I know some of you are thinking, 'Wait a minute, this isn't footprinting! You're directly interacting with their systems!' And you're right.

However… Hiding into the Internet noise Typically, a TCP SYN scan is considered a fingerprinting step (or, as some call it, Active footprinting). But let's hear what Andrew Morris, the GreyNoise founder, says about it: There are three main types of actors and activity: known benign mass scanners such as Shodan, Censys, and Sonar; malicious mass scanners such as Trojans, worms, and botnets; and unknown mass scanners, which is everything else. Most scanning activity falls into this unknown category. Of the millions of IP addresses scanning the Internet, 27 IP addresses are associated with Shodan, 334 IPs with Censys, 56 for Sonar, 145 for NetCraft, 228 for Shadowserver, and 253 IPs for BinaryEdge. In comparison, Grey Noise has tracked 249,000 IP addresses associated with Mirai botnet, 92,000 for SSH worms, and 590,000 compromised residential routers attacking other people. As for the unknown bucket, it isn't always clear what those scanners are doing.

Source: Mapping the Internet, Who’s Who? (Part Three) By Fahmida Y. Rashid Source: Radware TCP scanners activity visualization Thousands of IP addresses scan the internet every day for countless purposes, many of which are legitimate. While TCP SYN scans get logged, organizations simply don't have the resources to distinguish between actual attacks and normal internet traffic. That said, these logs are crucial for attribution after a successful attack.

For this step, we're going to use MASSCAN to scan every IP range we identified. To do this: Check your asn_ranges.txt file is in the current directory. Populate your exclusion file with out of scope IPs from BugCrowd scope. Use a FOR loop to execute MASSCAN on each IP range listed in asn_ranges.txt . Direct the output of each MASSCAN scan to a single file named largescan.dat . Note: The file name largescan.dat is crucial for compatibility with the BIGF00t.sh script we'll use later.

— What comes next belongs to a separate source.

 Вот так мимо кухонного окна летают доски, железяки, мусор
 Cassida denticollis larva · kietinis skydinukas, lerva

for ip in $(cat asnranges.txt);do masscan -p 1-65535 --rate 10000 $ip --excludefile exclude.txt >> largescan.dat;done Copy

Then go for a walk. A long walk. Masscan will probe 218100480 TCP ports ;). About the Masscan rate, remember two things: Masscan uses a fixed packet sending frequency, unlike Nmap , which adapts its scanning speed based on its network environment. Masscan's speed can have undesirable effects if run from within a corporate network. It is therefore recommended to run Masscan from a VPS directly exposed to the Internet. Using a high scanning speed results in a degradation in the quality of the results, as some open ports may appear closed. Here we set it at 10000p/second, which is stil more faster than Nmap “aggressive mode” and should avoid false negative results. I developed BIGF00T.sh while red teaming RECON on an entire ISP, so please consider it as a PoC.

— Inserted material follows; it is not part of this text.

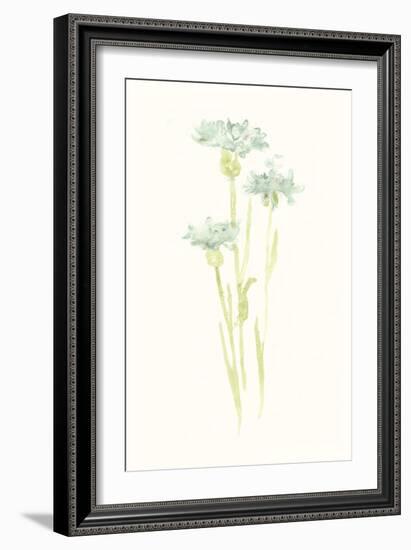 Cornflower Study IV-June Vess-Framed Art Print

I needed a quick and easy way to process and triage the MASSCAN output from scanning hundreds of thousand of IPs looking for specific services exposed. While other solutions exist, I wanted something that relied solely on shell scripting, without the complexity of setting up a web server or other infrastructure.

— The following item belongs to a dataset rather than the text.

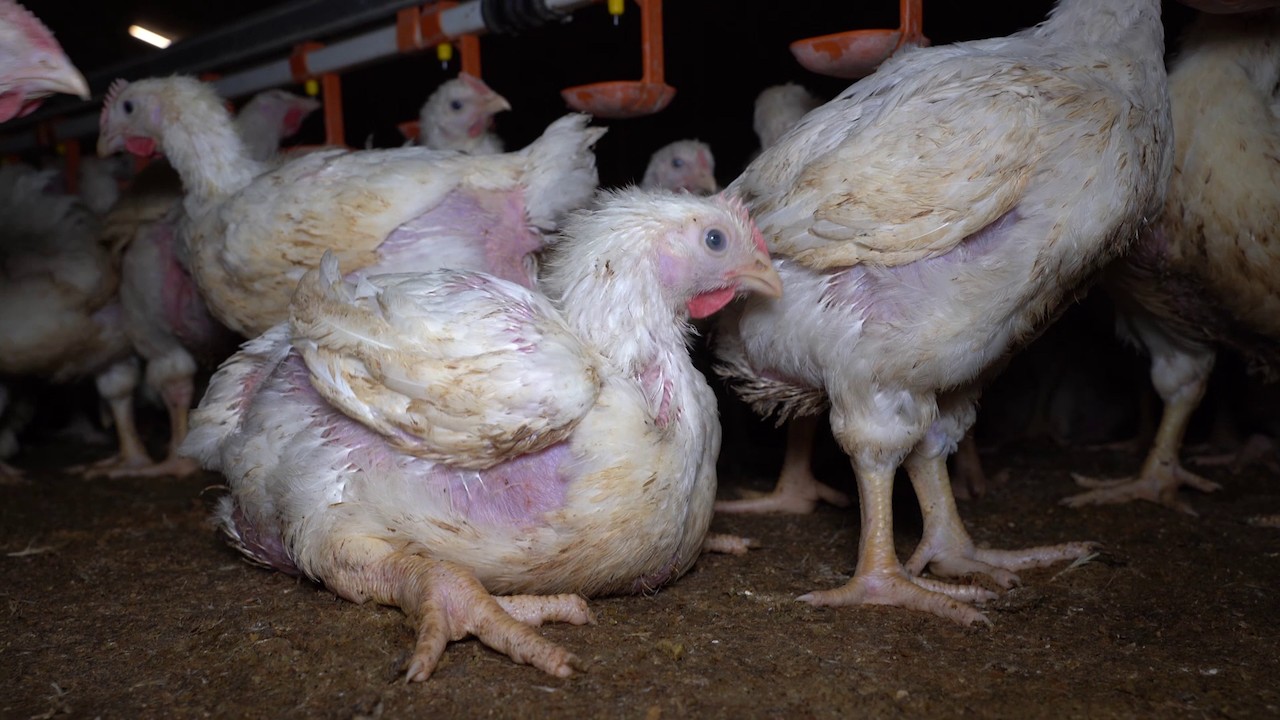 Beispielbild huhn qualzucht 2022 bildquelle animal welfare observatory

When scanning a large organization’s exposed network, you can find interesting targets by looking at the Top Port Rank list from BIGF00t.sh. Indeed, iIt's true that critical network nodes within an organization often expose a different number of TCP ports compared to regular servers. Plus, IP ranges are frequently organized logically, grouping server types based on their function within the organization. You can see this pattern in our Top Port Ranking list from BIGF00t.sh: We've identified four distinct asset groups within AS27277: 1 server with a lot of open ports: 192.31.242.93

1 server with 4 unusual ports open (1935,10023,18100,18255): 192.31.242.94

1 server with only TCP 8443 open : 192.168.242.240

3 servers on the range 66.9.191.0/22 with the same two unusual ports open : 10022, 18255

3 servers on the range 192.31.243.0/24 with only TCP 443 open.

15 servers on the range 192.31.242.0/23 with only web TCP ports open - 443 and 80.

By looking at how the open ports are distributed, we can see the IP addresses are logically organized based on server function. They're also following security best practices by only exposing necessary services and their corresponding TCP ports. This allows us to develop several hypotheses: 192.31.242.93: this server likely handles core infrastructure, as it has a large number of services exposed.

192.31.242.94: this is also probably a core infrastructure server, but with a limited set of specialized and unusual TCP ports.2 ports exposes a webserver on 18100 and 18255 from observing 66.9.191.0/22 hosts we assume that 18255 is linked to 10023 tcp port.

192.168.242.240: this appears to be a single-purpose server, exposing only one service. The use of TCP port 8443 ("alt-http") suggests it's an HTTP-related node, possibly a load balancer, proxy, or web administration interface for a tomcat server or an appliance.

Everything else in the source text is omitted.